# Exercise goal
Word for word, restate each entry that appears below.

Excerpts from a dataset
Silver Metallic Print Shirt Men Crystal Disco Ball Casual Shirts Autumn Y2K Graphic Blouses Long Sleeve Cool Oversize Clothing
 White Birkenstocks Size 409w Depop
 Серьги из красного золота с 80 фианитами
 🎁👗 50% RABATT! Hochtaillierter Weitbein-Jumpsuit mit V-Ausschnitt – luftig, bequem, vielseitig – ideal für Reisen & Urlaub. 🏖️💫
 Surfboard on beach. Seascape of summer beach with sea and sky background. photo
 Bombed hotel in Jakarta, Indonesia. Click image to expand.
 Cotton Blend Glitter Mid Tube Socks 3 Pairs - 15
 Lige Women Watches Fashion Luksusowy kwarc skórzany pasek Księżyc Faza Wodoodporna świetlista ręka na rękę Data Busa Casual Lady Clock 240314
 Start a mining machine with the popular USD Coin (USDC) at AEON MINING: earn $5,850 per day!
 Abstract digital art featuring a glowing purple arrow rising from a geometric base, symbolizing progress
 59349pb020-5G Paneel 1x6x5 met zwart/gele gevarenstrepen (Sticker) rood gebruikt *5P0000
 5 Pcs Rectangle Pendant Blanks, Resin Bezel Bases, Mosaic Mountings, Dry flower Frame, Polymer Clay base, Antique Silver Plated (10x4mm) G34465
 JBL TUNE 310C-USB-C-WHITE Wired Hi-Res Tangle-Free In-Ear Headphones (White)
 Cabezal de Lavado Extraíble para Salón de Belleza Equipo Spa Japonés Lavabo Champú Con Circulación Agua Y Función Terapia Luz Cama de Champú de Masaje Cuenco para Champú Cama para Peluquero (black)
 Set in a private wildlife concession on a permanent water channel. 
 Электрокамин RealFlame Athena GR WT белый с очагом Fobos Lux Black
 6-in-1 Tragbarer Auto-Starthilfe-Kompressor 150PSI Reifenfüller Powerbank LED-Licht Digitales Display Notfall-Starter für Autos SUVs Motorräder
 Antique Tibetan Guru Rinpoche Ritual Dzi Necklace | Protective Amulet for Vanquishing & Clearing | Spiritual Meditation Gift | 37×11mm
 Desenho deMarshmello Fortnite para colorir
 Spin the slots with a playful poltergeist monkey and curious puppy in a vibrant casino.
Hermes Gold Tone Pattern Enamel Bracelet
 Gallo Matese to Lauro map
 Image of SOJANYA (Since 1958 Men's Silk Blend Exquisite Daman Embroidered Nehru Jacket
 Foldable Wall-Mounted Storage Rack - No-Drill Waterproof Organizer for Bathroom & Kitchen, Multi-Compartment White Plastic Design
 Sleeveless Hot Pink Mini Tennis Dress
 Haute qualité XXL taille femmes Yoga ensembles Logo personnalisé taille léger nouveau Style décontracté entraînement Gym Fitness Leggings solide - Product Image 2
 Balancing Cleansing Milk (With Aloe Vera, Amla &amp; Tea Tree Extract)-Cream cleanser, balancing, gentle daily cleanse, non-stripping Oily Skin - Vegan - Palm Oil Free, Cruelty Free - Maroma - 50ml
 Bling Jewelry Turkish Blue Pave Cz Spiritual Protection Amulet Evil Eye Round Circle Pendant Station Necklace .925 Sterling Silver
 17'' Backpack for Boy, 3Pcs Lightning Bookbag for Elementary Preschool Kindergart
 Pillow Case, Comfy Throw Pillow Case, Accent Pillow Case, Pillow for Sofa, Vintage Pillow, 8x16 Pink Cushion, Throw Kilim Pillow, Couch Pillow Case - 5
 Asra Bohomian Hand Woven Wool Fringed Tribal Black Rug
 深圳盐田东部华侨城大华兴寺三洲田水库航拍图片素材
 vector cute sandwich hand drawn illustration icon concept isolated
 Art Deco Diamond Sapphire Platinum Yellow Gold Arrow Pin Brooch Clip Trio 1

# Response area
Silver Metallic Print Shirt Men Crystal Disco Ball Casual Shirts Autumn Y2K Graphic Blouses Long Sleeve Cool Oversize Clothing
 White Birkenstocks Size 409w Depop
 Серьги из красного золота с 80 фианитами
 🎁👗 50% RABATT! Hochtaillierter Weitbein-Jumpsuit mit V-Ausschnitt – luftig, bequem, vielseitig – ideal für Reisen & Urlaub. 🏖️💫
 Surfboard on beach. Seascape of summer beach with sea and sky background. photo
 Bombed hotel in Jakarta, Indonesia. Click image to expand.
 Cotton Blend Glitter Mid Tube Socks 3 Pairs - 15
 Lige Women Watches Fashion Luksusowy kwarc skórzany pasek Księżyc Faza Wodoodporna świetlista ręka na rękę Data Busa Casual Lady Clock 240314
 Start a mining machine with the popular USD Coin (USDC) at AEON MINING: earn $5,850 per day!
 Abstract digital art featuring a glowing purple arrow rising from a geometric base, symbolizing progress
 59349pb020-5G Paneel 1x6x5 met zwart/gele gevarenstrepen (Sticker) rood gebruikt *5P0000
 5 Pcs Rectangle Pendant Blanks, Resin Bezel Bases, Mosaic Mountings, Dry flower Frame, Polymer Clay base, Antique Silver Plated (10x4mm) G34465
 JBL TUNE 310C-USB-C-WHITE Wired Hi-Res Tangle-Free In-Ear Headphones (White)
 Cabezal de Lavado Extraíble para Salón de Belleza Equipo Spa Japonés Lavabo Champú Con Circulación Agua Y Función Terapia Luz Cama de Champú de Masaje Cuenco para Champú Cama para Peluquero (black)
 Set in a private wildlife concession on a permanent water channel. 
 Электрокамин RealFlame Athena GR WT белый с очагом Fobos Lux Black
 6-in-1 Tragbarer Auto-Starthilfe-Kompressor 150PSI Reifenfüller Powerbank LED-Licht Digitales Display Notfall-Starter für Autos SUVs Motorräder
 Antique Tibetan Guru Rinpoche Ritual Dzi Necklace | Protective Amulet for Vanquishing & Clearing | Spiritual Meditation Gift | 37×11mm
 Desenho deMarshmello Fortnite para colorir
 Spin the slots with a playful poltergeist monkey and curious puppy in a vibrant casino.
Hermes Gold Tone Pattern Enamel Bracelet
 Gallo Matese to Lauro map
 Image of SOJANYA (Since 1958 Men's Silk Blend Exquisite Daman Embroidered Nehru Jacket
 Foldable Wall-Mounted Storage Rack - No-Drill Waterproof Organizer for Bathroom & Kitchen, Multi-Compartment White Plastic Design
 Sleeveless Hot Pink Mini Tennis Dress
 Haute qualité XXL taille femmes Yoga ensembles Logo personnalisé taille léger nouveau Style décontracté entraînement Gym Fitness Leggings solide - Product Image 2
 Balancing Cleansing Milk (With Aloe Vera, Amla &amp; Tea Tree Extract)-Cream cleanser, balancing, gentle daily cleanse, non-stripping Oily Skin - Vegan - Palm Oil Free, Cruelty Free - Maroma - 50ml
 Bling Jewelry Turkish Blue Pave Cz Spiritual Protection Amulet Evil Eye Round Circle Pendant Station Necklace .925 Sterling Silver
 17'' Backpack for Boy, 3Pcs Lightning Bookbag for Elementary Preschool Kindergart
 Pillow Case, Comfy Throw Pillow Case, Accent Pillow Case, Pillow for Sofa, Vintage Pillow, 8x16 Pink Cushion, Throw Kilim Pillow, Couch Pillow Case - 5
 Asra Bohomian Hand Woven Wool Fringed Tribal Black Rug
 深圳盐田东部华侨城大华兴寺三洲田水库航拍图片素材
 vector cute sandwich hand drawn illustration icon concept isolated
 Art Deco Diamond Sapphire Platinum Yellow Gold Arrow Pin Brooch Clip Trio 1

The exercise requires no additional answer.